Work required:
Set out exactly, line by line, the stretch of data below that begins at the line containing "Dogecoin Cryptocurrency Analysis" and ends at the line containing "金宏伟2024年四季度表现泰康颐享混合A基金季度涨幅12%(图2)", with both ends kept.

--- --- ---

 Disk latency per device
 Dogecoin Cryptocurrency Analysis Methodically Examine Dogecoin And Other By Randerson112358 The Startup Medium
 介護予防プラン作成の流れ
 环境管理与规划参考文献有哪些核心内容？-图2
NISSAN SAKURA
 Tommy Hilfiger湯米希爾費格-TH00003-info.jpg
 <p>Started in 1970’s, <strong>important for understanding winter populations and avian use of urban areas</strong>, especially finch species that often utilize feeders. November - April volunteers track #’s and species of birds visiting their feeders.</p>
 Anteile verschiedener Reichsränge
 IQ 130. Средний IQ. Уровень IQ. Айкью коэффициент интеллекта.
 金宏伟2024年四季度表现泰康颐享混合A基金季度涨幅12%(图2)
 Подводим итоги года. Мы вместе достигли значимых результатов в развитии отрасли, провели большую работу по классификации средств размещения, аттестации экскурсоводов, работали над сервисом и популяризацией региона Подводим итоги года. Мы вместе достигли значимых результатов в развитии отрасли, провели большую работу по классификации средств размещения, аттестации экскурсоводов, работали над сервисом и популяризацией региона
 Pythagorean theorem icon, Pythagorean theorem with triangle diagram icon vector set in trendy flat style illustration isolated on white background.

--- --- ---

Reply to the task:
 Dogecoin Cryptocurrency Analysis Methodically Examine Dogecoin And Other By Randerson112358 The Startup Medium
 介護予防プラン作成の流れ
 环境管理与规划参考文献有哪些核心内容？-图2
NISSAN SAKURA
 Tommy Hilfiger湯米希爾費格-TH00003-info.jpg
 <p>Started in 1970’s, <strong>important for understanding winter populations and avian use of urban areas</strong>, especially finch species that often utilize feeders. November - April volunteers track #’s and species of birds visiting their feeders.</p>
 Anteile verschiedener Reichsränge
 IQ 130. Средний IQ. Уровень IQ. Айкью коэффициент интеллекта.
 金宏伟2024年四季度表现泰康颐享混合A基金季度涨幅12%(图2)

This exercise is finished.